Book review: 'Write to the point: how to be clear, correct and persuasive on the page' by Sam Leith (July 2018)

by Cecile Shanahan


Sam Leith's useful little book about writing persuasively teaches you 'how to express yourself fully and get your way in every situation'. It offers up 280 pages of confidence-building writing know-how. As the author explains, 'This book is not a list of rules or instructions ... It does not pretend to contain a magic formula. What it hopes to do, rather, is to walk you companionably around the question of what it is we're doing when we read and write, and how we can do it better and more confidently.'

This is neither a dry reference book about the 'right' way to write nor a hotchpotch collection of examples proving how the world is in peril due to lack of grammatical knowledge.

Amid many nods to popular culture, Leith takes us through a series of chapters focussed on 'The big picture', 'Nuts and bolts', 'Widgets', 'Sentence surgery: the writer as editor', 'Bells and whistles: bringing things to life', 'Perils and pitfalls' (complete with sections on double negatives and dangling modifiers) and, finally, 'Out into the world'.

In each chapter, Leith's main objective is to remind readers that we often know more about the 'correct way to write' than we give ourselves credit for and that language use needs to be intuitive and sensible.

From the outset, the book is conversational in tone and highly amusing. The first chapter sets the pace with a clever, comical description of the so-called language wars, where 'the Armies of Correctness mass behind fortifications made not of sandbags but second-hand copies of Fowler's Modern English Usage, Gwynne's Grammar and Strunk and White's Elements of Style … On the other side, equally well dug in, are the Descriptivist Irregulars: a fighting force in which hippy-dippy school teachers battle shoulder to shoulder with austere academic linguists. There are a lot of cardigans.' It's fair to say this reviewer was the recipient of a few strange glances at my daughter's swimming lesson where I openly guffawed whilst reading this section.

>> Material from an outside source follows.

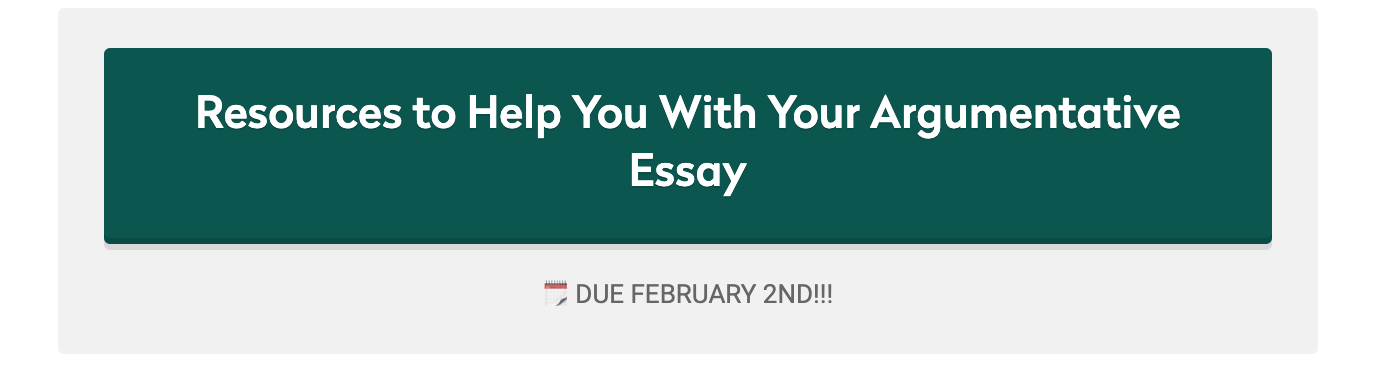 Button with resources for argumentative essay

For the most part, the book flows nicely along; however, readers (particularly those with a good grasp of grammar) may get a little bogged down in the 'Nuts and bolts' and 'Widgets' sections. Their combined 90 pages are dedicated to detailed summaries and examples of the different parts of speech and the grammar and punctuation that organises them. The footnotes in these sections can also be a little distracting.

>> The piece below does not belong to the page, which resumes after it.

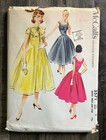 New Vintage 50   s Misses Mccall   s Sewing Pattern Party Dress Sz 12 Bust 30 Uncut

Leith spends time explaining the difference between using the 'right' grammar and using the sensible or commonsense choice, even if it may be slightly less 'correct'. He uses the 'positively murderous' debate about the 'ten items or less' lane in the supermarket – should it be less as an expression of quantity or fewer as an expression of number – as just one example of this.

Be the text a letter of complaint, blog post, job application or condolence letter, Leith argues that fear or apprehension sits at the root of most common 'bad writing' and that 'knowing the rules of standard English can help give you something that is vitally important to any writer: confidence'.

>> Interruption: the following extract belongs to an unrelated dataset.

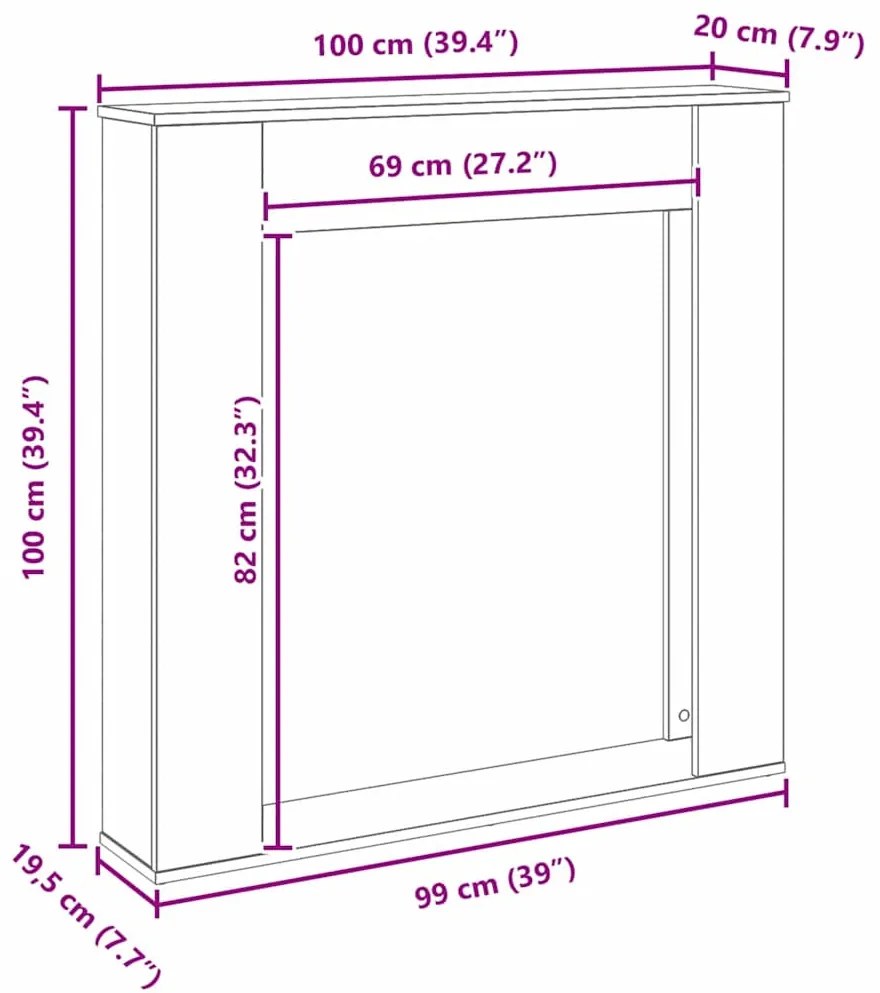 fekete tölgy színű szerelt fa kandallóburkolat 100x20x100 cm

There are some very useful tips to be found in this book, and luckily the chapters do not need to be read sequentially for it to be a handy tool in your writing (or editing) kit.

Reader beware: this book contains the odd swear word or three!

Write to the point: how to be clear, correct and persuasive on the page by Sam Leith, Profile Books, 2017, RRP $29.99

Cecile Shanahan is a freelance editor, proofreader and copywriter. She is an English teacher, editor of The Vox Bendigo Book: Young Writers Anthology and part of the team who organises the Bendigo Writers Festival.